The Dogtooth poster was designed for the Cannes Film Festival, but Greece turned out to be the only country that kept the original design. Most of the distributors around the world did their own posters, some of them — in my opinion — not depicting the film.
But for Alps, almost everywhere seemed to utilize your design. Do you have a theory as to why that was? Do you think there is something fundamentally different about the two posters?
The Alps poster was utilized because in a way it’s more accessible than the Dogtooth poster. Although black and white/photocopy-like, it's funnier, it tells a story, there’s the actors.
In an interview with The Criterion Collection, Lanthimos references Hans Hillmann as a “graphic touchstone” for him. They cite a few examples of his work that may have influenced The Lobster. Do the filmmakers usually suggest any visuals or ideas to you?

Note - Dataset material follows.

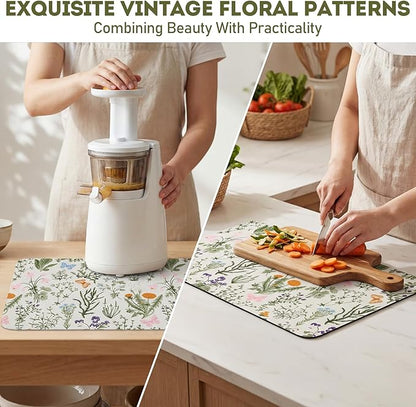 LemonRoad Dish Drying Mat for Kitchen Counter, 12"x20" Absorbent Coffee Bar Mat with Spring Floral Design, Fast-dry Diatomite Drainer Drying Mats with Non-slip Backing for Kitchen Sink Countertop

I always ask from directors to send me visual references before I start working to make sure we are on the same path. I have never been suggested specific visual ideas from any of the directors I have worked with so far.
I'm always curious about this: what sorts of visual inspiration do you keep around your workspace?
The only visual element is a framed poster on the wall from a festival called Rock in Athens that took place in 1985. [Ed. note: Rock in Athens, headlined by The Clash and featuring The Cure, Depeche Mode and Nina Hagen, was one of Greece's first rock festivals, staged almost two decades after a violent 1967 Rolling Stones gig in the weeks leading up to the assumption of power by the military junta that ruled Greece until 1974.]
In the past, you've mentioned Josef Müller-Brockmann as an influence. You can definitely see a link between his work and yours, especially typographically. But are there any movie posters that have influenced you at all, or perhaps just something you like?
There are designers I love, like Josef Müller-Brockmann and Hans Hillman that you have already mentioned, plus loads of others, but I guess my influences — although manifested as “applied art” — derive also from fine art and music practices.
We recently ran a piece about the tension between accurately representing a film and the practical concerns of selling a movie by using a celebrity's image. The Lobster and The Killing of a Sacred Deer both feature big stars. Was there any pressure to spotlight these actors or trade on their image?
We had discussed that preferably they should appear somehow on the poster, but I had the freedom to propose anything I thought was suitable, even just typographical posters. It’s quite brave that the chosen festival poster of The Killing of a Sacred Deer depicts just a tiny Colin Farell, without Nicole Kidman.
Considering how well-received the Lobster poster was, have you been approached to do more?
I have been approached to work on various films and TV productions, but it’s always [a] matter of timing. I am not running a studio with other people — it’s just me — and since I am also working on a series of other design projects too, I always make sure to allocate each project enough time. That limits severely the amount of projects I can take on.
Are you working on anything now?
I have a a series of projects lined up till spring, including a publication, a logo, a record cover, the poster for The Favourite (Yorgos Lanthimos' next film), and I am also teaching.